The long term goal of my research program is to understand how social interactions among individuals produce specific changes in the brain. Although it is common to study how the brain controls behavior, understanding how the brain can be influenced by behavior offers uncommon challenges. To discover principles underlying the causal mechanisms, we study reproduction, arguably the most important event in an animalís life. The brain-pituitary-gonadal axis that controls vertebrate reproduction has been conserved throughout the evolution of vertebrates as evidenced by the fact that the primary signaling molecule, gonadotropin-releasing hormone (GnRH), has had the same size and structure for 500 million years of vertebrate evolution. Understanding how behavior influences this essential physiological axis should reveal fundamental principles about the mechanisms of reproductive control.
We have previously shown that a change in the social status of an individual male causes a reversible change in the size of an identified group of GnRH containing neurons in the preoptic area of the brain. In females, similar changes in cell size occur, but they are controlled by the reproductive state, not the social scene. We have shown that when adult teleost males become socially dominant by acquiring a territory, neurons that contain gonadotropin releasing hormone (GnRH) enlarge significantly. Conversely, losing a territorial fight results in those same cells decreasing in size. These cells are key players in the brain-pituitary-gonadal axis that controls reproduction. Here we propose to discover how the recognition of social opportunity is translated into cell-specific change. Three sets of experiments are proposed to address questions at several levels of analysis.
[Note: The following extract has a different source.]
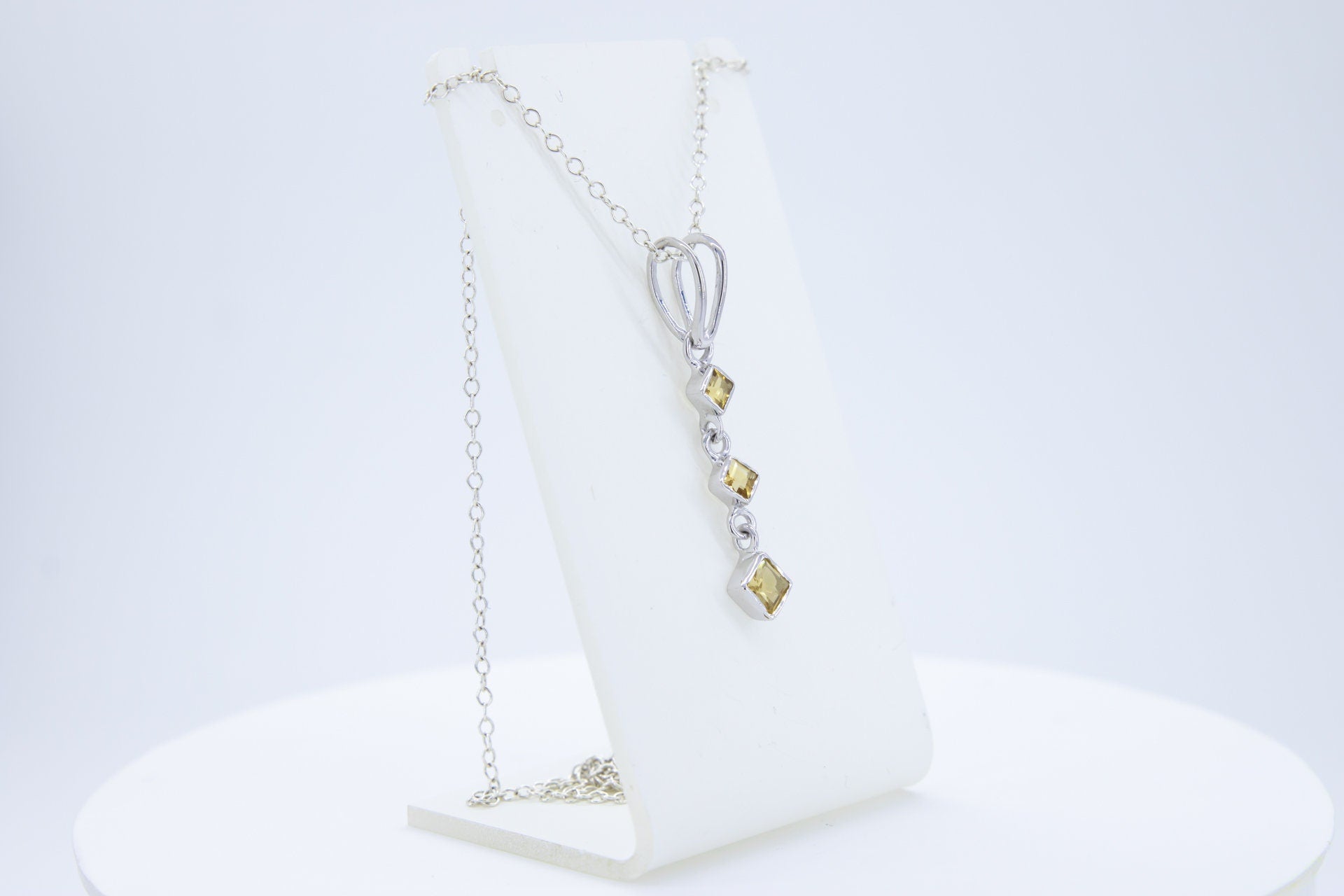 Edler 0,69 Carat Citrin Anhanger 925 Silber Collier  zitronengelber Edelstein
The first set of experiments examines the molecular mechanisms of social control, based on our demonstration that a change in social status of males produces a change in abundance of GnRH mRNA in the POA neurons (White & Fernald, 1998c). We now propose to understand the mechanisms underlying the social control of GnRH gene expression, including the regulation of GnRH mRNA at the level of primary transcript, processing intermediate or mature mRNA and the regulation of GnRH peptide levels. Although GnRH regulation is expected, there may also be regulation of GnRH receptor expression. In the second set of experiments, we will measure the change in pituitary GnRH receptor mRNA levels and the change in GnRH receptor protein levels in response to changes in social status. We anticipate that social information will influence numerous, interrelated physiological pathways responsible for transducing social information into neuronal change. Based on our discovery that cortisol is an important factor intermediate between behavior and cellular change (Fox et al., 1997), in a third set of experiments, we propose to manipulate cortisol levels to discover whether and how cortisol influences behavior and GnRH abundance.
The results from the proposed experiments should provide new insights into mechanisms through which social encounters influence the brain, expanding our understanding of how social interactions influence cellular and molecular processes necessary for subsequent behavior. Since the brain-pituitary-gonadal axis is common to all vertebrates, these discoveries will have wide application in the analysis of reproduction and its social control.